Released in February 2018, The Ledges drew rave reviews from critics for its lean but powerful instrumentation, sharp and skillful songwriting, and stately vocal harmonies. Writing for No Depression, critic John Amen said, “The Ledges, taken track by track and in its entirety, exudes a seductive magic.”
Even better than critical praise was Kane and Gellert’s discovery that their collaborative well continued as a source for more music. Before the end of 2018, they began work on a follow-up record, When the Sun Goes Down. Although the album was recorded in Kane’s Nashville living room rather than a secluded cabin, little else changed.
“With The Ledges we were still concerned about things like, we need more fiddle or more banjo,” Gellert says. “With this one, we were more confident about letting it be what it was. We were still feeling our way through what we were doing as a duo, but this one feels so muchmore settled.”
“On the first record we were pushing and pulling a lot,” Kane says. “I think this album is less thoughtful and more instinctual, and the songs are more cohesive. When we were sequencing the album, there were several times that the songs (as recorded) flowed perfectly into the next, like it was the next chapter.”
Both Kane and Gellert agree the ability to trust instinct over intellect has been the key to their collaboration, both lyrically and musically.
“I’ve also been more experimental in our duo than in other settings,” Gellert says. “My background is in old time fiddle music and the way I use the fiddle in this setting is different from anything I’ve done before. I’ve used mutes and clothespins to change the tone of the fiddle and working with Kieran affirms my most minimalist instincts. I’m not afraid to hang out on one note for a while. I may have the same instincts with my own work, but I always seem to talk myself out of it.”
Kane adds, “This is much more than the duets I did with the O’Kanes or what I’ve done with Kane Welch Kaplin where it wasn’t duets but more like swapping songs back and forth. The combining of our voices makes it bigger, almost like a third voice is being created. I was listening to a track recently on an iPhone. The music was coming out of that tiny little speaker and it made me think of something you’d hear on WSM from the classic days. It was just the two of us, but it felt and sounded like a whole band playing. It was almost like an out-of-body experience where you say, ‘Is that us?’ I’ve worked with really great harmony singers who can come into the studio and really match the timber, accent, and phrasing of another singer, but it still sounds like someone singing harmony. What we’ve been able to capture is pretty unconscious.”

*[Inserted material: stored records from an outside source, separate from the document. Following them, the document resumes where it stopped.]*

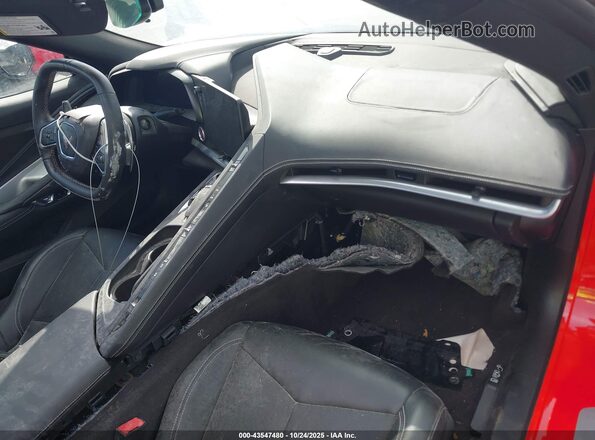 1G1YA2D46P5107701 2023 CHEVROLET CORVETTE Красный Вид салона спереди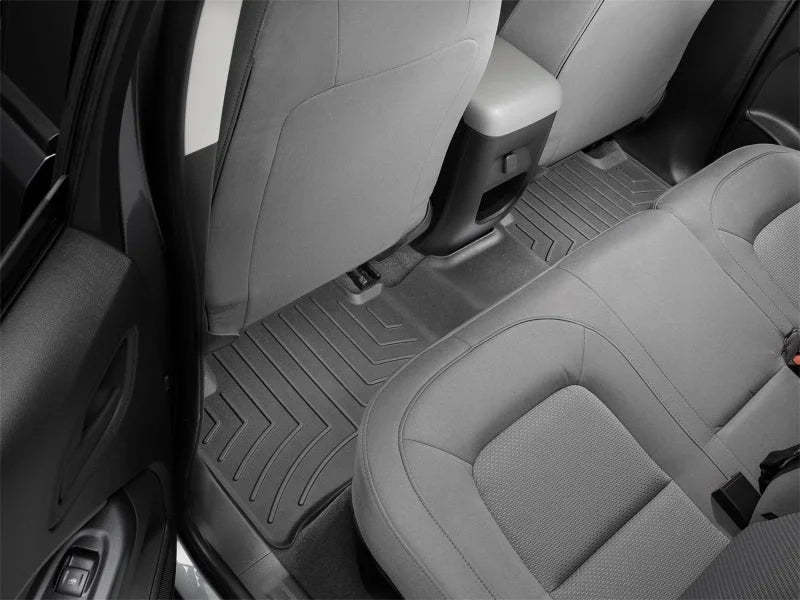 WeatherTech 15-20 GMC Canyon Rear FloorLiner HP - Black - Side View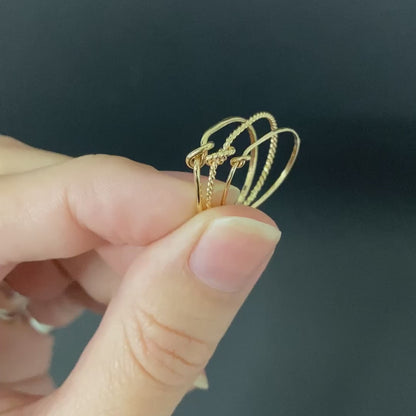 Twist Closed Knot Ring, 14K Gold Fill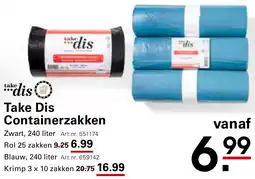 Sligro Take Dis Containerzakken aanbieding
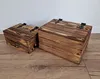 2 Holzkisten Mit Klappe, Kästen Mit Deckel, Holzkisten, Zur Produktbild-Vorschau 10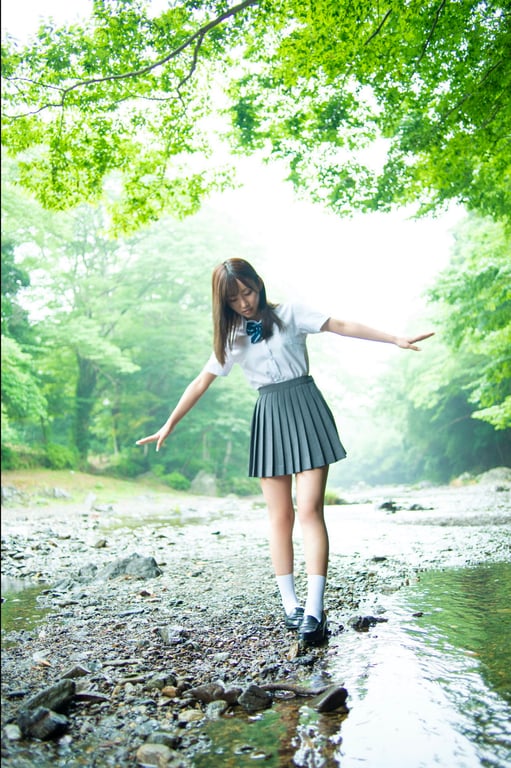 Mai Nanashima 七嶋舞 - Kagero dancing in the summer 夏舞阳炎-阅图吧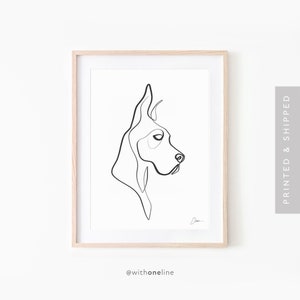 GREAT DANE One Line Art Continuous Drawing Great Dane - Etsy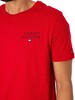 Tommy Hilfiger Lounge Chest Logo T-Shirt - Primary Red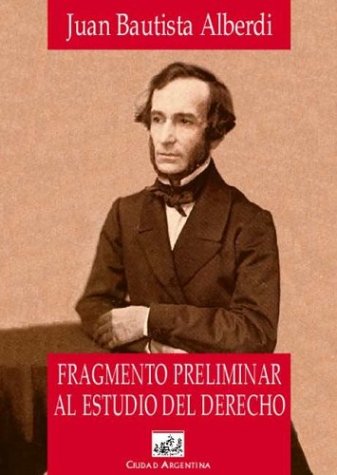 Book cover for Fragmento Preliminar Al Estudio del Derecho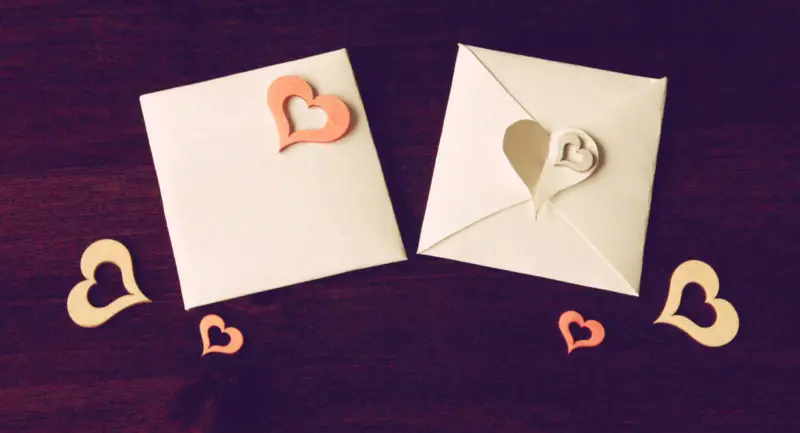 How to make a heart Envelope with free template 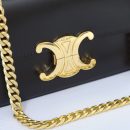1:1 Replica Celine Chain Shoulder Bag Black For Women 8in/20.5cm 197993BF4.38NO
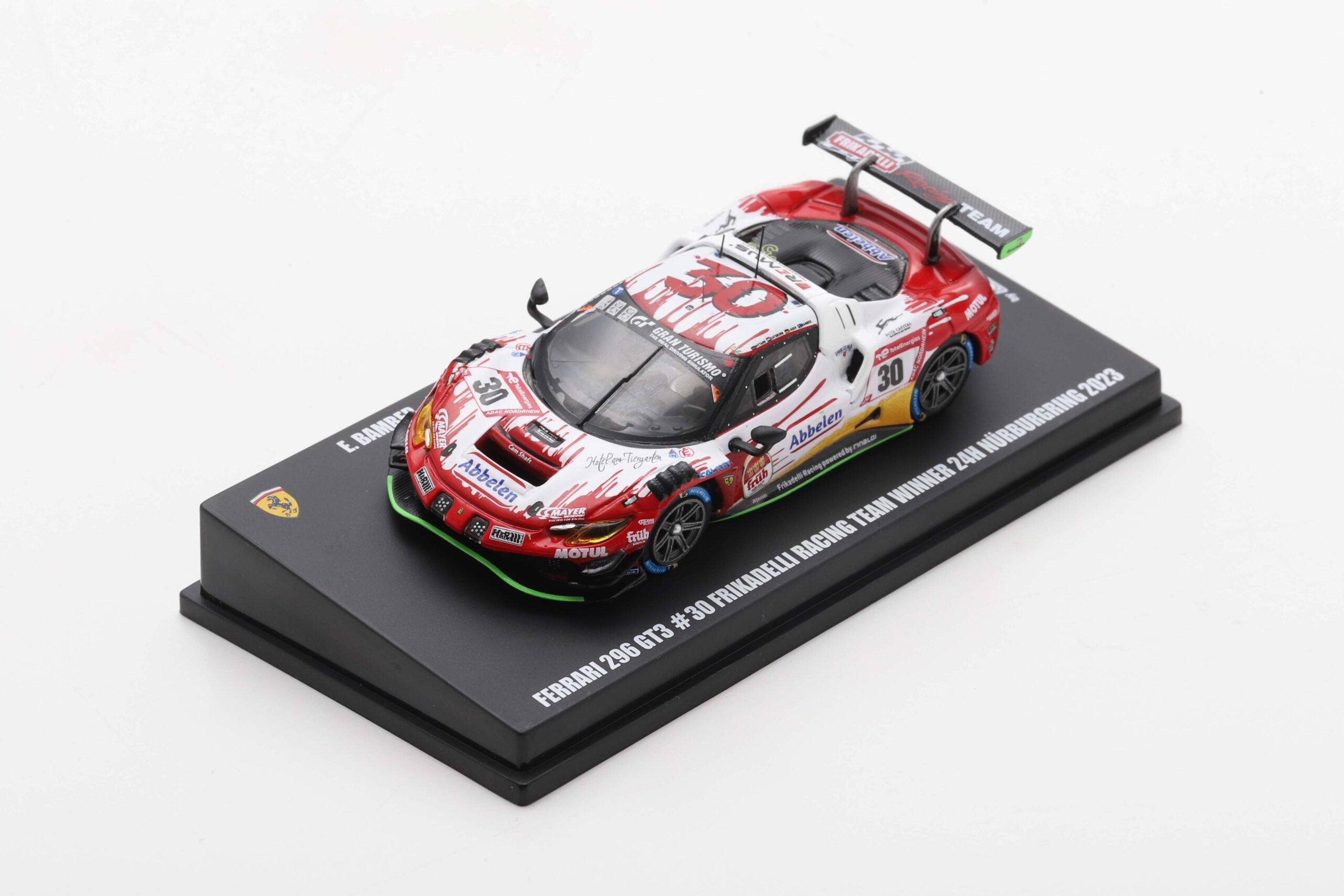 Pre-Order - Ferrari 296 GT3 No.30 Frikadelli Racing Team Winner 24H Nürburgring 2023 E. Bamber – N. Catsburg – D. Pittard – F. Fernandez Laser 1:64
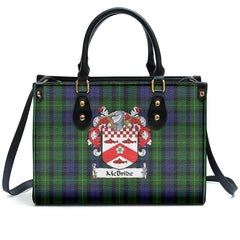 McBride Tartan Coat of Arms Leather Handbag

That blending of two voices to create a uniquely powerful and passionate sound has a long tradition in country music from Sara and Maybelle Carter stepping up to a microphone in a make-shift studio in Bristol, Virginia to Ira and Charlie Louvin cutting devastating songs of love and loss on Music Row. It’s a form of musical alchemy that Kane and Gellert continue to practice.
“I laugh sometimes because I was so insistent at first,” Gellert says. “Kieran was not playing much at the time we met, but I said, ‘I have to be doing something with you.’ I recognized a shared wavelength and I’m so happy I was right.”